[[ MATERIAL FOR THIS EXERCISE open ]]
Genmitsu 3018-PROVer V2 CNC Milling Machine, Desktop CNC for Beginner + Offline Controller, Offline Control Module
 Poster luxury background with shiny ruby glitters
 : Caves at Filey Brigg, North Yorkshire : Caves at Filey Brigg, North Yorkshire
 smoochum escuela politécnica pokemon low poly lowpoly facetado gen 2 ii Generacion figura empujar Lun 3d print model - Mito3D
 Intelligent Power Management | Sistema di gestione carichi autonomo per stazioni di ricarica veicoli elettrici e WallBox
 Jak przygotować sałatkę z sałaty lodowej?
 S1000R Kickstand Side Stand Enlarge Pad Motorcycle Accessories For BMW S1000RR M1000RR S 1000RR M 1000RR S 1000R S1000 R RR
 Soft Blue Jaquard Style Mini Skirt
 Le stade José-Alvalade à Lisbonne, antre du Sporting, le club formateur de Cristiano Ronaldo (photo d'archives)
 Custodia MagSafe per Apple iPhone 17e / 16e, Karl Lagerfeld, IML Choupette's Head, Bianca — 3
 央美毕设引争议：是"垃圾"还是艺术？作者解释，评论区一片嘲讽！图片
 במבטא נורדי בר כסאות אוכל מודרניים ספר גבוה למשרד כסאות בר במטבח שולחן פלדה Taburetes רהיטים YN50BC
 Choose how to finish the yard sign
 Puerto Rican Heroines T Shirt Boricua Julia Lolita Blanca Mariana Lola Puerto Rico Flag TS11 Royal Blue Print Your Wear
[[ MATERIAL FOR THIS EXERCISE closed ]]
EXERCISE PROMPT: The expected answer is every line in the data above that carries the string "Blue".

OUTPUT OF THE TASK:
 Soft Blue Jaquard Style Mini Skirt
 Puerto Rican Heroines T Shirt Boricua Julia Lolita Blanca Mariana Lola Puerto Rico Flag TS11 Royal Blue Print Your Wear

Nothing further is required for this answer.